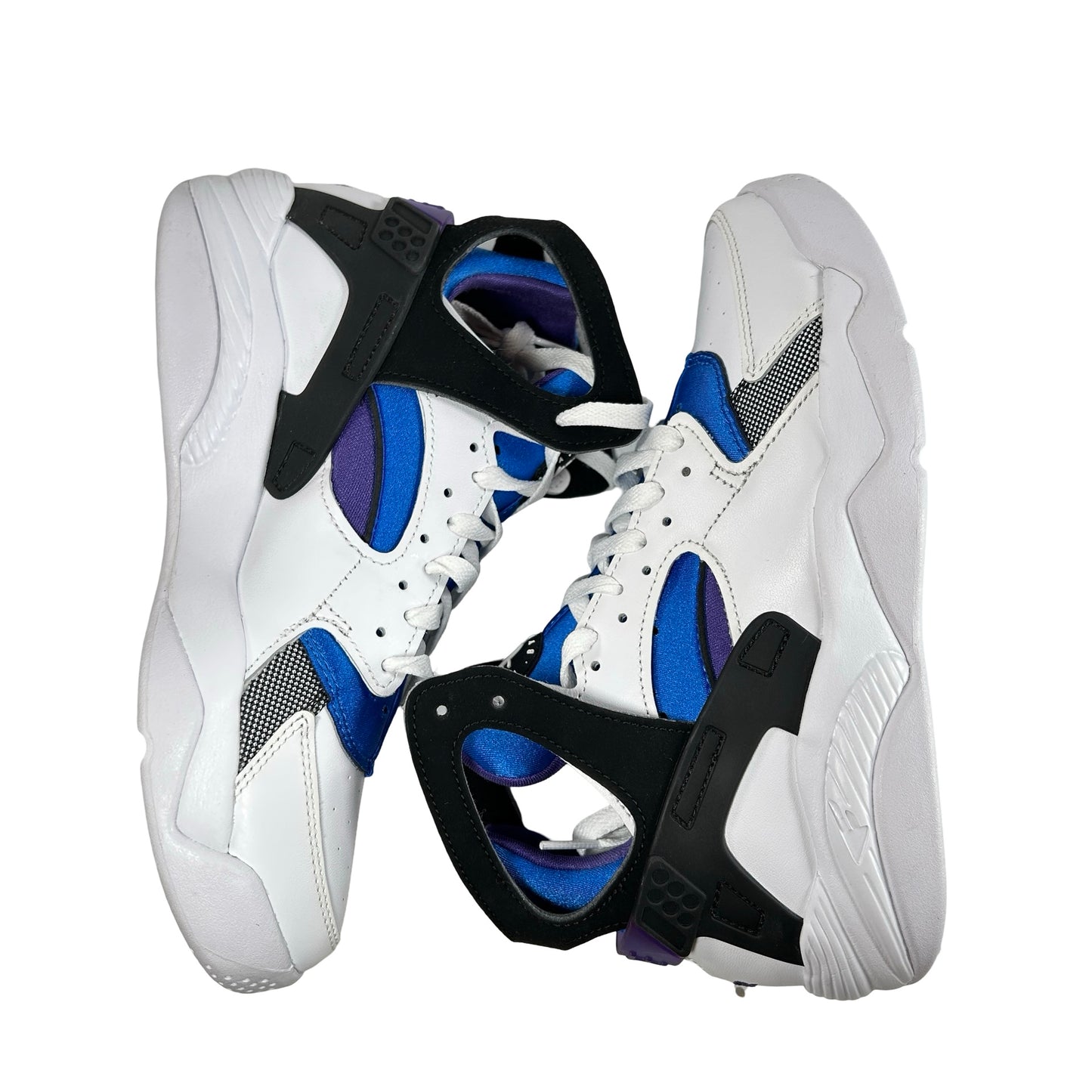 FD0183 101 Nike Air Flight Huarache OG White Varsity Purple (2023) [CONDITIONAL] - 7 M (Yellowing)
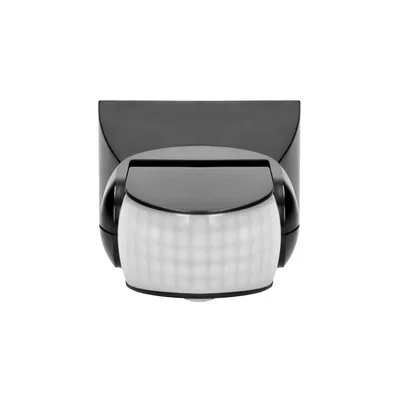 Sensor de movimiento de 360/180 grados, 2 sensores, IP65, 1200 W, negro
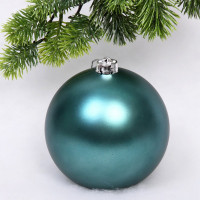 Шар пластик 15см "Матовый" темный нефрит арт.652-405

········

* ASSIGNMENT
Write out exactly, with no pictures, each line from the one containing "Sensor de movimiento" through the last line of the listing above, both included.

* RESPONSE TO THIS TASK
 Sensor de movimiento de 360/180 grados, 2 sensores, IP65, 1200 W, negro
 Шар пластик 15см "Матовый" темный нефрит арт.652-405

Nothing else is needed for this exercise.